C’est ainsi qu’est né le litige.
La procédure
ADS a présenté une requête en injonction de payer au tribunal de céans en date du 21/06/2022.
Suivant ordonnance en date du 27/06/2022, le président du tribunal a fait droit à cette demande et enjoint à MONNIER de payer à ADS la somme de 50 875,20 euros ainsi que les sommes de 300 euros au titre de l’article 700 et 296,45 euros au titre des dépens. Cette ordonnance a été signifiée le 12/07/2022 et MONNIER a formé opposition à la même date.

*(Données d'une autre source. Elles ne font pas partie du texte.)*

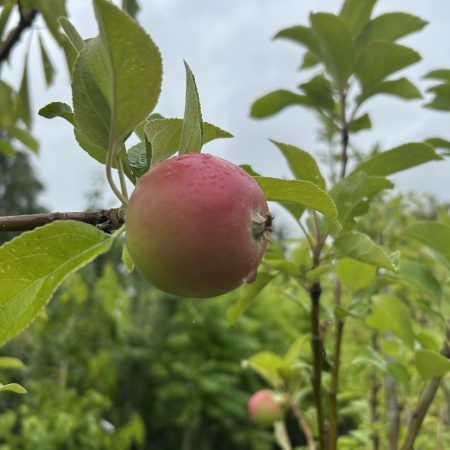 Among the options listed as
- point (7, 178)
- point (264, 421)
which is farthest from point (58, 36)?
point (7, 178)

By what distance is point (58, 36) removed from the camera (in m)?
0.88

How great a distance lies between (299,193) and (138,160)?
0.12 metres

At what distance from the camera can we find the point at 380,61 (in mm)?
725

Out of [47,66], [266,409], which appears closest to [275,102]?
[47,66]

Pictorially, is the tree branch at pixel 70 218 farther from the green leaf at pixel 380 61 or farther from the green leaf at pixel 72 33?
the green leaf at pixel 380 61

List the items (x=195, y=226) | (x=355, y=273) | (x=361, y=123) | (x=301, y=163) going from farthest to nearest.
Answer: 1. (x=361, y=123)
2. (x=355, y=273)
3. (x=301, y=163)
4. (x=195, y=226)

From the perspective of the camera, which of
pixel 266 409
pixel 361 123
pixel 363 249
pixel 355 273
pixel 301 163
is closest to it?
pixel 363 249

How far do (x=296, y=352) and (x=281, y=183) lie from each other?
2.33 feet

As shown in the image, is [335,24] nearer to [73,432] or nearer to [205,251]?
[205,251]

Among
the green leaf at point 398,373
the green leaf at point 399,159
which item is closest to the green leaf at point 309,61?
the green leaf at point 399,159

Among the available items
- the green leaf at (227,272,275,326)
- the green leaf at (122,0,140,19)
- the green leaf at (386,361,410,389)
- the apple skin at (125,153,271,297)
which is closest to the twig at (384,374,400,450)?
the green leaf at (386,361,410,389)

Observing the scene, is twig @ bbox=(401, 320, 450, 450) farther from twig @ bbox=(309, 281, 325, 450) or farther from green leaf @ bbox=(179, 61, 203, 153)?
green leaf @ bbox=(179, 61, 203, 153)

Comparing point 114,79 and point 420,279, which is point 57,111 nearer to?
point 114,79

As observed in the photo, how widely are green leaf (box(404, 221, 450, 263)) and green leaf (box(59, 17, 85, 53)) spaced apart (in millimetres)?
381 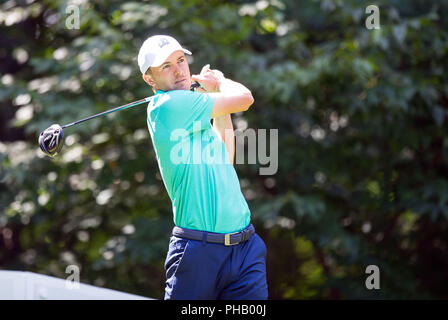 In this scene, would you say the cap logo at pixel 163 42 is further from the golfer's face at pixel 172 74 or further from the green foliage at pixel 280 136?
the green foliage at pixel 280 136

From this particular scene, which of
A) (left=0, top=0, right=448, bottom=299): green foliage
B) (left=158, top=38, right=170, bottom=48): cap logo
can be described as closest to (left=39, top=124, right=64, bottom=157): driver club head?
(left=158, top=38, right=170, bottom=48): cap logo

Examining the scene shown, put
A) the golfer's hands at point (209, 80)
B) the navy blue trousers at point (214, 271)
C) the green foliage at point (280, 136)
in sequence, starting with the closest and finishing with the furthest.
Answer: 1. the navy blue trousers at point (214, 271)
2. the golfer's hands at point (209, 80)
3. the green foliage at point (280, 136)

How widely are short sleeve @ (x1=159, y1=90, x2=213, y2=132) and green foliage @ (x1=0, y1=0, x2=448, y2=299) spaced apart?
2.22 meters

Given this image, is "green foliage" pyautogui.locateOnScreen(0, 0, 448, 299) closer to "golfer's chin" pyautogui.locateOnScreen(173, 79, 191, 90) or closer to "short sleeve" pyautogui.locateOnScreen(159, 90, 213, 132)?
"golfer's chin" pyautogui.locateOnScreen(173, 79, 191, 90)

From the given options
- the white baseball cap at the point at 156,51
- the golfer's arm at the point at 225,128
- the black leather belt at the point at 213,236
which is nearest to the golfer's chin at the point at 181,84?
the white baseball cap at the point at 156,51

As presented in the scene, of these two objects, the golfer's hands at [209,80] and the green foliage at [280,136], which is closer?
the golfer's hands at [209,80]

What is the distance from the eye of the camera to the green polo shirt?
7.06ft

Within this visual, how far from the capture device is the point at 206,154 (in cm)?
218

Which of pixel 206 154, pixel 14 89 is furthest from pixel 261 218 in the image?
pixel 206 154

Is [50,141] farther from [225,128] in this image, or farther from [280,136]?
[280,136]

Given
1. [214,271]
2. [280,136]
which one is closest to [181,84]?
[214,271]

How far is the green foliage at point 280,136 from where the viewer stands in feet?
14.7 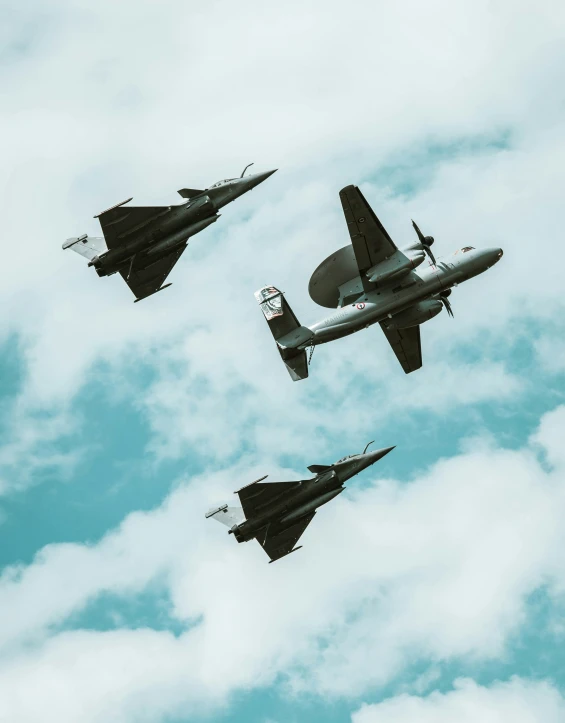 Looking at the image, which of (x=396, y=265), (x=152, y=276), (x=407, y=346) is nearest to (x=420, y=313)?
(x=407, y=346)

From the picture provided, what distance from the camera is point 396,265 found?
77375 millimetres

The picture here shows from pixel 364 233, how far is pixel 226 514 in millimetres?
23473

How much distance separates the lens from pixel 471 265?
255 feet

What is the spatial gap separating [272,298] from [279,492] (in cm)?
1374

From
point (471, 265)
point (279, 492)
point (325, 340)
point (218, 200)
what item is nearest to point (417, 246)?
point (471, 265)

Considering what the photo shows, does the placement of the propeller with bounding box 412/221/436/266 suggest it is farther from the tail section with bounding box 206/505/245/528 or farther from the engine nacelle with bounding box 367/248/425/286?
the tail section with bounding box 206/505/245/528

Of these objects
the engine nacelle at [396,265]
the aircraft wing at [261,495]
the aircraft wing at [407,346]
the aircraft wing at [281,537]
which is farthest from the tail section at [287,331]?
the aircraft wing at [281,537]

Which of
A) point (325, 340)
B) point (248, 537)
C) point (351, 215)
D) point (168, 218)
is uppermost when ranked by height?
point (168, 218)

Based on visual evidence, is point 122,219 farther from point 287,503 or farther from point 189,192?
point 287,503

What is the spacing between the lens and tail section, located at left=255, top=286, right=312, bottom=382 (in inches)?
3078

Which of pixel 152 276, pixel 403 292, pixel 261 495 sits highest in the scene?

A l’audience du 29/11/2022, ADS, par ses conclusions, a maintenu ses demandes.
A l’audience du 21/03/2023, MONNIER n’a pas déféré à celles-ci.
ADS a sommé MONNIER en date du 13/04/2023 de lui communiquer les pièces suivantes :
* Calendrier général de l’opération de rénovation
* Contrat de maintenance et les factures de maintenance de la société EKO PRO
* Rapport de la commission de sécurité autorisant l’ouverture de l’hôtel
* Date de livraison des ouvrages
MONNIER n’a pas déféré à cette sommation.
ADS a réitéré sa demande en date du 26/06/2023.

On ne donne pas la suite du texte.